I was just following along an example given in a book to illustrate the Python shelve
module on macOS High Sierra.
As shown below only two small tuples of short strings get stored in a shelf. And as you can see in the very last line, the resulting file is 16 Megabyte large.
The resulting file only gets that large when I try the example on macOS High Sierra with the Python version installed through Homebrew (either 3.6.4 or 2.7.14). If I run it on a Linux host or with the pre-installed Python version (2.7.10) or with Python 3.6.4 installed through the official installer in macOS, the resulting addresses
file is just a few Kilobyte large, just as reported by others in the comments (thanks!).
~/tmp> rm addresses
~/tmp> python3
Python 3.6.4 (default, Jan 6 2018, 18:43:09)
[GCC 4.2.1 Compatible Apple LLVM 9.0.0 (clang-900.0.39.2)] on darwin
[...]
>>> import shelve
>>> book = shelve.open("addresses")
>>> book['flintstone'] = ('fred', '555-1234', '1233 Bedrock Place')

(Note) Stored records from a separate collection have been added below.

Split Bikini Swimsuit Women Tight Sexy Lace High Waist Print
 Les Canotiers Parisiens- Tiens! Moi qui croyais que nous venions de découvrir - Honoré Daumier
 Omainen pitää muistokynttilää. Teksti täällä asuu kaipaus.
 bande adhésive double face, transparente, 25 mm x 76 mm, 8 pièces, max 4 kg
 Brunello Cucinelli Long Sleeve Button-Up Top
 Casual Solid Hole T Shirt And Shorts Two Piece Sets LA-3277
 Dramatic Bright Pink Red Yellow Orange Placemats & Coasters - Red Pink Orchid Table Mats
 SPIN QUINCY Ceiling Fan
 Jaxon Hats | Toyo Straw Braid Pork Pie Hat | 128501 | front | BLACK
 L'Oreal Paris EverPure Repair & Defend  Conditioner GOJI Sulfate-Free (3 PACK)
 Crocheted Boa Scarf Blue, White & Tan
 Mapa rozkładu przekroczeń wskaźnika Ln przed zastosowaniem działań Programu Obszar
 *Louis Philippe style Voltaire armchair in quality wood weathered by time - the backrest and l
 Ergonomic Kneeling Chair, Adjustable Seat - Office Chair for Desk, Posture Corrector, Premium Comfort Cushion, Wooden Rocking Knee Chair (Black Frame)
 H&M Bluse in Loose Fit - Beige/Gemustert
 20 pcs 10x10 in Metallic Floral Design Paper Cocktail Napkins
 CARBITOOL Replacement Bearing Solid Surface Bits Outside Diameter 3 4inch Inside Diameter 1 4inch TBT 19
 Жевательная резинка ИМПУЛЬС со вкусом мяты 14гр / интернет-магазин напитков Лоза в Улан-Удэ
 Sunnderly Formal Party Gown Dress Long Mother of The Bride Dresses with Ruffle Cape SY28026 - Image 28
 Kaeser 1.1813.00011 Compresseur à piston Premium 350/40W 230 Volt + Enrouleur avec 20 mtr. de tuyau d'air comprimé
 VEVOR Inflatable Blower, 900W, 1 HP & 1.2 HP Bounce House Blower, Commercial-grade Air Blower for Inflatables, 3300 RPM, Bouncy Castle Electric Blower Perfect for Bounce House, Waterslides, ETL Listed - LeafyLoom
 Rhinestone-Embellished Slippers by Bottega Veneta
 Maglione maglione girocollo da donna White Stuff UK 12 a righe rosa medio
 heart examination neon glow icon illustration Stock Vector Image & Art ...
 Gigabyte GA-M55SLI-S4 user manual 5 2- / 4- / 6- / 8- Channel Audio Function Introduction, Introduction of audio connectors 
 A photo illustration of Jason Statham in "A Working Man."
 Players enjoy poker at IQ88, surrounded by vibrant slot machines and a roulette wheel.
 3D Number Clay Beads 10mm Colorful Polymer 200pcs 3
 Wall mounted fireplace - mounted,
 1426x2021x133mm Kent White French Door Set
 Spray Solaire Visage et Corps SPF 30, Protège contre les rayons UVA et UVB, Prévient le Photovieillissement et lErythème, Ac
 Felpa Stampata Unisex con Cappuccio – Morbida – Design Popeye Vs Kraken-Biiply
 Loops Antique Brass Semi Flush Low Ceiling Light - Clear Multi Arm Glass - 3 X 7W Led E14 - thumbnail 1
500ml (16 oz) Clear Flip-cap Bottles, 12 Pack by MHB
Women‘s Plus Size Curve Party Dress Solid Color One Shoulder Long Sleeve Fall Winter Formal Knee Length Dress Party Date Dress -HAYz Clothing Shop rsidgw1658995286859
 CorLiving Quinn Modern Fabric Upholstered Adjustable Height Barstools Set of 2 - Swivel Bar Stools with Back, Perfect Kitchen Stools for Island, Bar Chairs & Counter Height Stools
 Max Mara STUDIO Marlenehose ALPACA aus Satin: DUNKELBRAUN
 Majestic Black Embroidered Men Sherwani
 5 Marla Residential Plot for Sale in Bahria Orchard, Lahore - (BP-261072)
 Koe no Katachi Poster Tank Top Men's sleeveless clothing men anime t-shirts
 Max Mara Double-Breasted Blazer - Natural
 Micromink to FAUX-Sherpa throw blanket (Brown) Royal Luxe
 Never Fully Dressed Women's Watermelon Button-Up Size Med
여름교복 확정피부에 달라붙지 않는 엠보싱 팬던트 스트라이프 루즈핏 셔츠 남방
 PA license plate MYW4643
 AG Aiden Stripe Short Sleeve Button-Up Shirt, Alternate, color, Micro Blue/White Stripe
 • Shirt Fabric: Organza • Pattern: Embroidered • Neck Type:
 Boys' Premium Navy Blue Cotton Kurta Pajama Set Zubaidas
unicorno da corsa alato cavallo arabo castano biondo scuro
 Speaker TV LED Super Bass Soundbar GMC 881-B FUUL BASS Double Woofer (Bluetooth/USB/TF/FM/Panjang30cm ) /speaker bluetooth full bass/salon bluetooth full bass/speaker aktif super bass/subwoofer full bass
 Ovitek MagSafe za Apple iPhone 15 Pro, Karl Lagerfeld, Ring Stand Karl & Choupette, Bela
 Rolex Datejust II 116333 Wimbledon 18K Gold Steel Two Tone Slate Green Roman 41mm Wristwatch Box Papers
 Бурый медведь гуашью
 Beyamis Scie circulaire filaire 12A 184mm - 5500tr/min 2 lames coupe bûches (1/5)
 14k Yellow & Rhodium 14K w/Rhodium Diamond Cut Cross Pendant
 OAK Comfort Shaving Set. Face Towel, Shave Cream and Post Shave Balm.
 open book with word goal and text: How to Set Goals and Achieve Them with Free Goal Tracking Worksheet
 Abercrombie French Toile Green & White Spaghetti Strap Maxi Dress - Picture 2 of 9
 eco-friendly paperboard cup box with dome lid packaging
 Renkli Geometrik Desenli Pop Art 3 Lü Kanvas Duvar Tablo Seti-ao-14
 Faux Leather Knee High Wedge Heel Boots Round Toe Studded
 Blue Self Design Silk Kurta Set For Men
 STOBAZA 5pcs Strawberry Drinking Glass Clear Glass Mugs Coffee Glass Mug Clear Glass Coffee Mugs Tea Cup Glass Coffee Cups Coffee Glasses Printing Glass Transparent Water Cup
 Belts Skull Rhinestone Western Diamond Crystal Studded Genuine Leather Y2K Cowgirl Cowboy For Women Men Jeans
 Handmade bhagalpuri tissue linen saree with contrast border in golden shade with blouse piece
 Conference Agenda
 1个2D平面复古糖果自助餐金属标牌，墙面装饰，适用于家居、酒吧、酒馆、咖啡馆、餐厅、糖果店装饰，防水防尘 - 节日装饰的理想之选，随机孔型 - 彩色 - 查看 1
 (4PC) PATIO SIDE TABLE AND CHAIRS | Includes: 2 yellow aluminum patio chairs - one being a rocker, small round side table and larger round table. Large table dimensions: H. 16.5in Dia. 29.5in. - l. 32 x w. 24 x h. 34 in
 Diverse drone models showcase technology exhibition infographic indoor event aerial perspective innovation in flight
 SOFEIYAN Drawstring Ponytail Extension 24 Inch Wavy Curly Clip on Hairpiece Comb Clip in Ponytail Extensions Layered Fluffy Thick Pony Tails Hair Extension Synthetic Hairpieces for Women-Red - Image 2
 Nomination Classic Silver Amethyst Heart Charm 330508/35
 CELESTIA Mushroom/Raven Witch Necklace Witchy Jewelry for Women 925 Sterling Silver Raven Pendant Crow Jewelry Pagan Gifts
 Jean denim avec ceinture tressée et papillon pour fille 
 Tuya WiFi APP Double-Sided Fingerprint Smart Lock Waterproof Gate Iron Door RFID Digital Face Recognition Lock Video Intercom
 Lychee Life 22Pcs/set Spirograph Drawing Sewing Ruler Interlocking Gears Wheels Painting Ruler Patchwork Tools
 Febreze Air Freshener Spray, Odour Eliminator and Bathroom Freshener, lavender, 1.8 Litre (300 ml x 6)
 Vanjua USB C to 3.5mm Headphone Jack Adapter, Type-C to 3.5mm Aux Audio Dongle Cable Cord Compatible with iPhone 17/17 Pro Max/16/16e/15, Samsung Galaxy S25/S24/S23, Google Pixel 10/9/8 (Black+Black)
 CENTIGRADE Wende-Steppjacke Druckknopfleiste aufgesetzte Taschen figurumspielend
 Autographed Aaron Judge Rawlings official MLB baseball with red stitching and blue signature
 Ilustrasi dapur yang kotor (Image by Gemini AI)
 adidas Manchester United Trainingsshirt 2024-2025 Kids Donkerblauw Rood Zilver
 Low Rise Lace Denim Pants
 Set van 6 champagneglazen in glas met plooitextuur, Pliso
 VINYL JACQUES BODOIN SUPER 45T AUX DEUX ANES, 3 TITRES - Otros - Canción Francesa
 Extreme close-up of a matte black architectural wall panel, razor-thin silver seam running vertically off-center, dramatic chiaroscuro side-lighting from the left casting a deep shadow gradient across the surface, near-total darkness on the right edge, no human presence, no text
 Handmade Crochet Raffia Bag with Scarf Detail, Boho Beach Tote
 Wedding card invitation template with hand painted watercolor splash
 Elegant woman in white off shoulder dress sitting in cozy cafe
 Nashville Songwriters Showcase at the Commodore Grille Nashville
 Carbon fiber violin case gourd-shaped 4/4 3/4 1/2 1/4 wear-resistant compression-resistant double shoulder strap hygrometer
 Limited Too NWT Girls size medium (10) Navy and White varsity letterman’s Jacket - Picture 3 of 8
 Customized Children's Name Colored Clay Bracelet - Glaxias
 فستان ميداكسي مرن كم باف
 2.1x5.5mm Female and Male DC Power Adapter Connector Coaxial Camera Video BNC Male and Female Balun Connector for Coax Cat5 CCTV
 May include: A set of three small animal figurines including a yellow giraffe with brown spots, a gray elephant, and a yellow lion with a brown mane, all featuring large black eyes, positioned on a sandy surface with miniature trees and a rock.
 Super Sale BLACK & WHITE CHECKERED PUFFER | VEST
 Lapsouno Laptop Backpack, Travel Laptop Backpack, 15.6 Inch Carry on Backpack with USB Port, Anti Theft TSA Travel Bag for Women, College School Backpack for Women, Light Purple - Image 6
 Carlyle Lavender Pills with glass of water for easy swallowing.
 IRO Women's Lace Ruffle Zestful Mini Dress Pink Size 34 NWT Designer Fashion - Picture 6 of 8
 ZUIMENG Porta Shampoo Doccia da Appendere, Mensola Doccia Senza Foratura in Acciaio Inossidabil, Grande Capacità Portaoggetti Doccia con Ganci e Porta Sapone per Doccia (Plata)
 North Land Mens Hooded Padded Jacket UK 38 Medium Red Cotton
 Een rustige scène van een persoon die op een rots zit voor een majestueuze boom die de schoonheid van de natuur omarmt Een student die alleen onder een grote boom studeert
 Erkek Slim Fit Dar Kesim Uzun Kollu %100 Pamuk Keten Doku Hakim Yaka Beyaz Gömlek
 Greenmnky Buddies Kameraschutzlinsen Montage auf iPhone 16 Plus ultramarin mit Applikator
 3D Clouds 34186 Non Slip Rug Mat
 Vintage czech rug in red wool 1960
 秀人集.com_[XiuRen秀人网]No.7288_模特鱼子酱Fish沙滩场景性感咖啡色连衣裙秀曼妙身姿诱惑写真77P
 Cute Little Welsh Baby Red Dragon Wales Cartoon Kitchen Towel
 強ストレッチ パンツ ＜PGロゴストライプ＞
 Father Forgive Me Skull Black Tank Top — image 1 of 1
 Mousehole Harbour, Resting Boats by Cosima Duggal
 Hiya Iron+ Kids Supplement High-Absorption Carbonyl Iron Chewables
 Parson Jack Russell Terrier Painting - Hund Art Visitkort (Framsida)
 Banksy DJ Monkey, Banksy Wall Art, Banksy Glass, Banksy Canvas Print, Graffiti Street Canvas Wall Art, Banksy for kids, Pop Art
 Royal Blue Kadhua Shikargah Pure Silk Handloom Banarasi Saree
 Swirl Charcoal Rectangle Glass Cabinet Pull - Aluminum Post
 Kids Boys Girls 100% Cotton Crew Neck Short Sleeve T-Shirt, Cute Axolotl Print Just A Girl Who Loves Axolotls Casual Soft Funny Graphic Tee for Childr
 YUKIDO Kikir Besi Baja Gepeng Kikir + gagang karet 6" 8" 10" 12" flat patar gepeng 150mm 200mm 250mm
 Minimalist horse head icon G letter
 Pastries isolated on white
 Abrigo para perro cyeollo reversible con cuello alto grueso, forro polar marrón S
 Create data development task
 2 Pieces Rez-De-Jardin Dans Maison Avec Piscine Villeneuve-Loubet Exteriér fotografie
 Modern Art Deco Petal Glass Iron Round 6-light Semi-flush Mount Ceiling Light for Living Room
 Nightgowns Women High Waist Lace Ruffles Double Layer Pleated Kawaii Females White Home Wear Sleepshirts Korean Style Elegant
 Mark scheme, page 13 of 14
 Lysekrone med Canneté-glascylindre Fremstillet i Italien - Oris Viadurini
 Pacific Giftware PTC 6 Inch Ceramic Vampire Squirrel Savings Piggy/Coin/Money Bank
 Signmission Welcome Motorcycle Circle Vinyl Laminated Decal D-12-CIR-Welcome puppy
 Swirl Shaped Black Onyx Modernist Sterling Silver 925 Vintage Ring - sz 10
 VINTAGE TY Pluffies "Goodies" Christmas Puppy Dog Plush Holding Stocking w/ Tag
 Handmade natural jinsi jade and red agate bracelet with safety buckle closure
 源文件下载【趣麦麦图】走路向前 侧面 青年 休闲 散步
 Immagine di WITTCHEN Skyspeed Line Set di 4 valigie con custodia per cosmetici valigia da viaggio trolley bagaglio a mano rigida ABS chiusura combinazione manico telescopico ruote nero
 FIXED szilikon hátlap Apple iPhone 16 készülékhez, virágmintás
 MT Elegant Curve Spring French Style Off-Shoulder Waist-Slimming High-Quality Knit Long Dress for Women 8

>>> book['rubble'] = ('barney', '555-4321', '1235 Bedrock Place')
>>> book.close()
>>>
~/tmp> ll
total 32768
-rw-r--r-- 1 moritz staff 16M Jan 24 13:05 addresses
I could confirm this behavior is introduced by gdbm 1.14, gdbm is the library used by shelve
to access database file.
With change 2e8a5e0, gdbm will try to extend file size to match next_block_size
. next_block_size
is calculated by 4 * block_size
,
which is the optimal I/O block size of underlying filesystem, obtained by stat.st_blksize
returned by stat(2)
. On my macOS 10.13.3, a file on APFS on SSD volume, stat.st_blksize
is 4194304 bytes, next_block_size
is 16777216 bytes, therefore the init db file size is 16MB.
ps: I examined an HFS+ fs on an HDD volume at my hand, st_blksize
value is 4096 bytes.